だけど私がグズグズしているおかげで皆回復できずにいた。それは紛れもない事実だった。
私は俯いて肩を落とす、すると……
「ちょっと……」
1人の女の子のアバターが列から出ると私の前に立った。
「何が初心者よ、そっちだってランク1何だから似たようなもんでしょうが」
「ああっ? 何だよ、オレが悪いってのか? 一体何したってんだよ?」
「……るせぇ」
「んだと?」
男のアバターは女の子に近付く。
すると女の子はアバターの胸倉をつかんで目の前に引き寄せた。
「二度と言わねぇぞ…… この子が終わるまで待ってろ」
一瞬彼女が鬼に見えた。
まさに蛇に睨まれた蛙って奴だろう。
周りのユーザー達もその娘に凍りつき、アバターもガタガタと震えだした。
「は、はい……」
それだけ言うと胸倉から手を話した。
彼女は振り返ると私に向かって笑顔を作る。
「気にしなくていいよ、誰だって初めての事はあるんだし…… でしょ? みんな」
彼女が見ると他のユーザー達は顔を引きつらせながら何度も首を縦に振る、よっぽど怖かったんだろう。
その後は私は彼女に回復の仕方を教えてもらった。
「この前に立って、そして……」
彼女の言う通りに言われた通りにキーを押す。
途端緑色の光が私を包み込み、HPとFPが回復した。
「あ、ありがとうございました。何てお礼を言っていいか……」
「お礼なんか良いよ、このゲームやってるからには皆仲間なんだから」
何だか気前の良い人だな、さっきのはきっと気のせいだよね?
そう思いこませると私は自己紹介をした。
「戦士のコロナです。

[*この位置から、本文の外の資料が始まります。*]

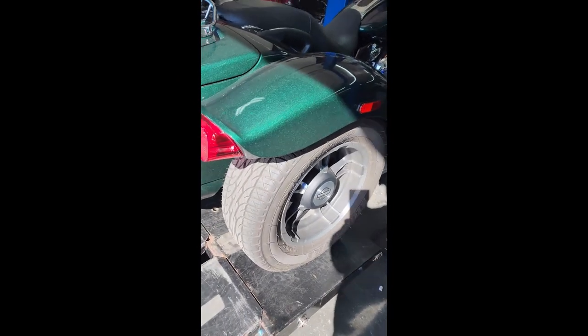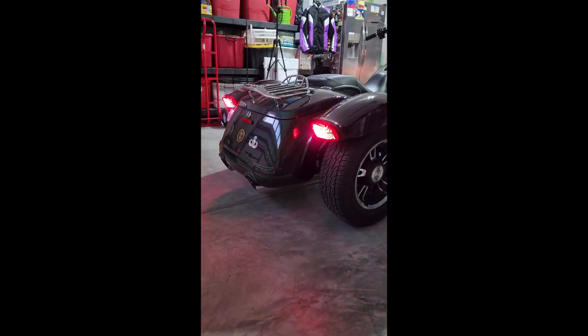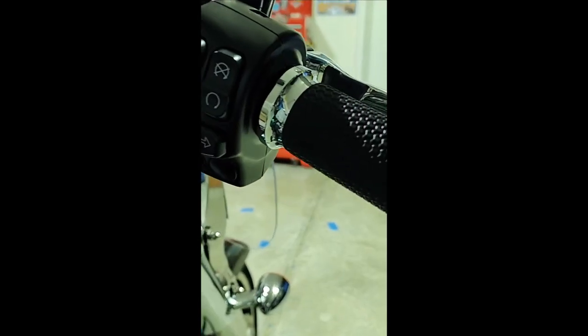I also changed my stock brake lights for Custom Dynamics low-profile LED brake lights and the Custom Dynamics magic strobe. I have it on setting number 6. I also had Avon grips replace the old ones.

今日はじめてこのゲームを登録しました」
「僧侶のレミよ、私は2週間くらい前かしらね」
それでも私の先輩だった。
「それとさっきの事は気にしなくていいからね、ああ言う奴はどこにでもいるんだから」
「はい、それにしても勇気ありますね、私にはとてもマネできません」
そりゃ出来ないよね。
私が言うとレミは目を泳がせながら言って来た。
「べ、別に…… ちょっと家庭の事情でね……」
どんな事情よ?
嫌な想像しかできなかった。
「それより頑張ってね、まだ時間はあるから」
「はい!」
私はお礼を言ってテントを飛び出した。